U.S. Secretary of War Pete Hegseth demanded nations spend at least 3.5% of GDP on defense during the Shangri-La Dialogue in Singapore on Saturday. The call marked a sharp increase from NATO's 2% benchmark and drew public support from allies including the Netherlands. "No one country can do it all alone," said Canada's chief of defense staff, General Jennie Carignan, as the three-day summit laid bare a rapidly shifting global security calculus.
The Dutch deputy prime minister did not mince words. Dilan Yesilgoz-Zegerius told the forum that the United States is "right" to push allies to spend more, CNBC reported. Russia's full-scale invasion of Ukraine rewired public opinion in the Netherlands, she explained, making defense budgets politically viable in ways they had not been for decades.
Japan, the Philippines, and even New Zealand—a country that falls well below the 3.5% threshold—are now boosting allocations. The policy says one thing. The reality says another.
Japan's defense minister Shinjiro Koizumi announced his country's spending hikes and expansion of weapon sales at the same summit where a Chinese general questioned whether Asian nations could trust a remilitarizing Tokyo. Major General Meng Xiangqing from the People's Liberation Army National Defence University pointed directly at Japan's actions during World War II. The exchange captured the forum's central tension: a region arming itself while arguing over who poses the real threat.
Beijing's decision to skip sending Defense Minister Dong Jun for a second straight year shaped the entire gathering. Hegseth said he wished his counterpart had attended. Koizumi told delegates he was "feeling sad" about the absence.

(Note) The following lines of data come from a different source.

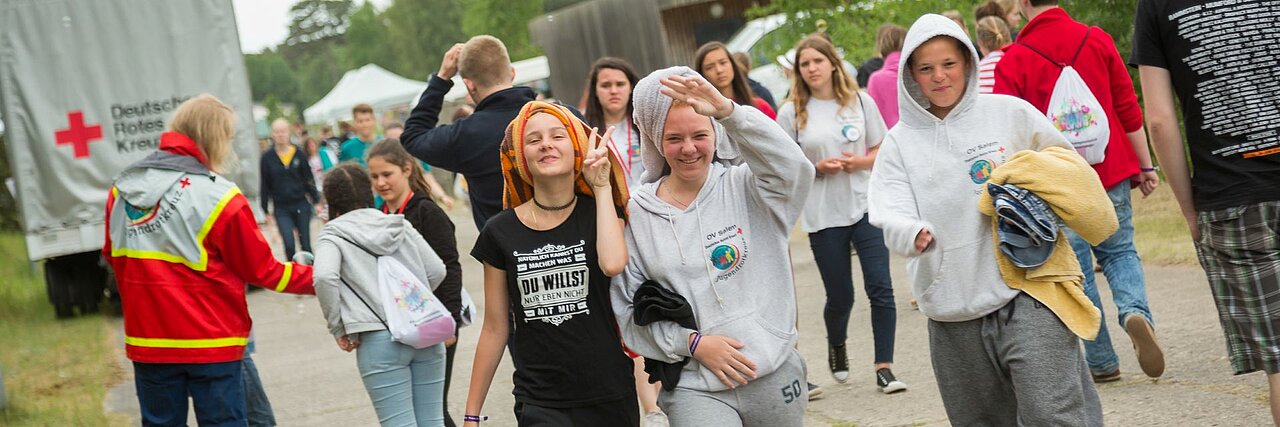 SHR_August_2022_JRKNuernberg_AuszeitfuerKinder_Buehnenbild JRK Supercamp auf der Insel Rügen vom 03.-05. Juni 2017
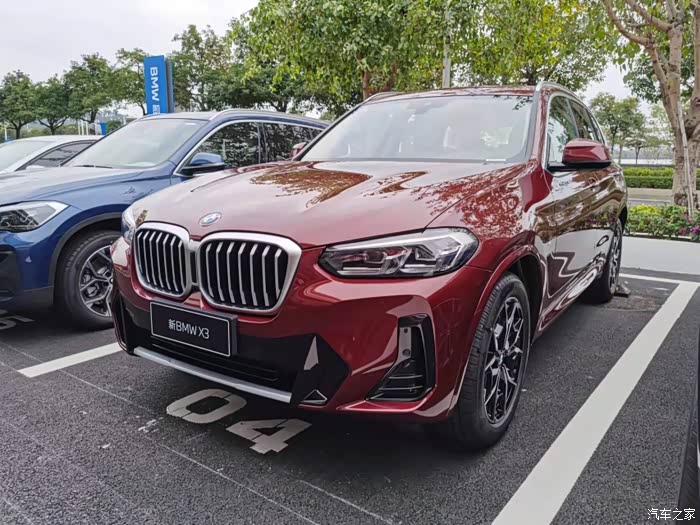 宝马x3馥郁红怎么样和黑白哪个值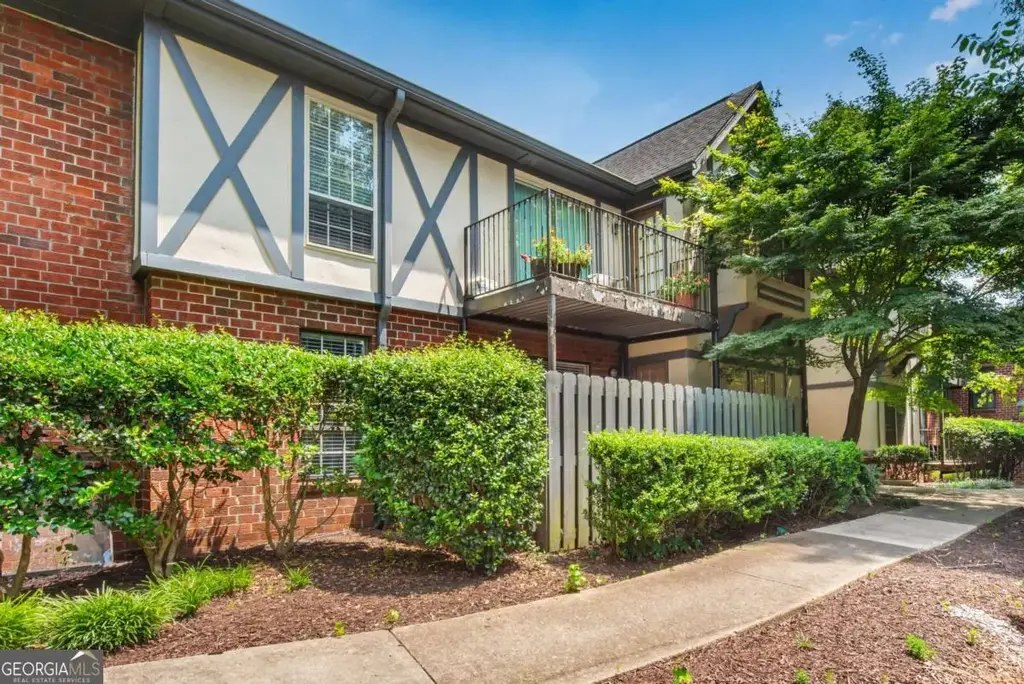 6851 Roswell Road Q16, Atlanta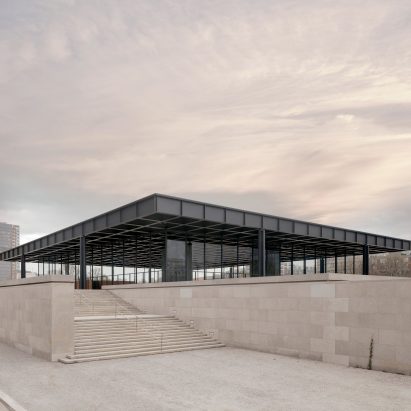 A steel and glass museum by Mies van der Rohe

German chief of defense General Carsten Breuer warned China was losing a chance at dialogue. The Philippines took the hardest line. National defense minister Gilberto Teodoro told CNBC that China's presence was "reduced to a minimum" and that Beijing's delegation was there "to promote the party line rather than to engage constructively." No major loss, he said.

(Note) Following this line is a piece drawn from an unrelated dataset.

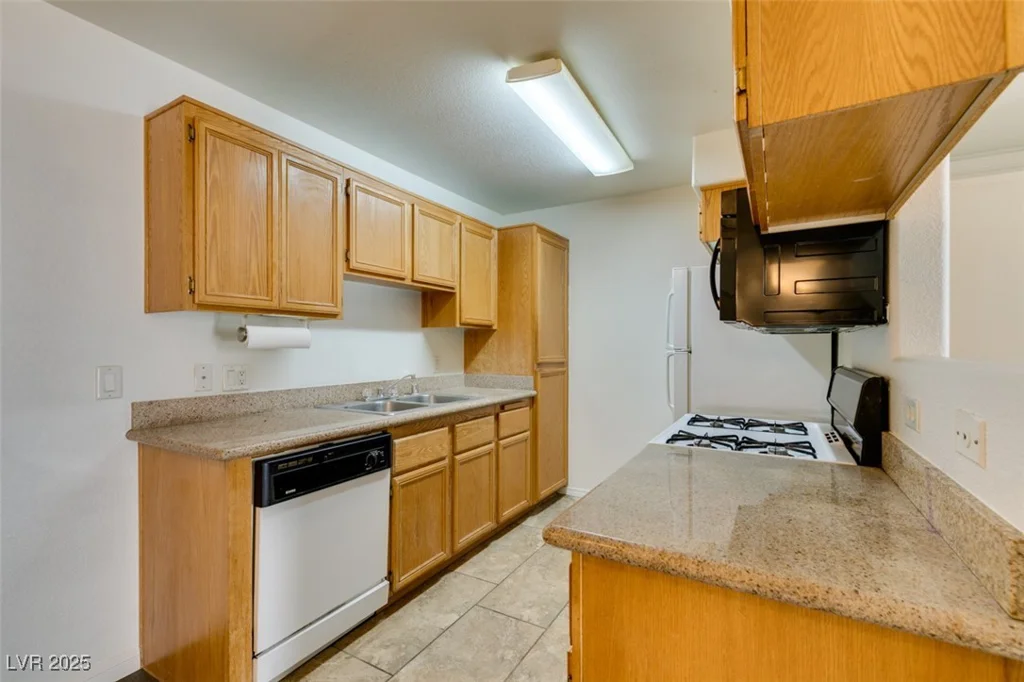 3318 Decatur, Las Vegas, NV 89130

But a lower-level delegation did not mean a quiet one. Meng defended China's positions with vigor during his session. Former vice minister of foreign affairs Cui Tiankai reinforced Beijing's stance on Taiwan. "No one cares more about stability in Taiwan Strait than we in China," Cui said, "because on both sides of the Taiwan Strait it's Chinese territory." The statement drew no visible pushback in the room, but the American and Japanese responses outside the session were immediate.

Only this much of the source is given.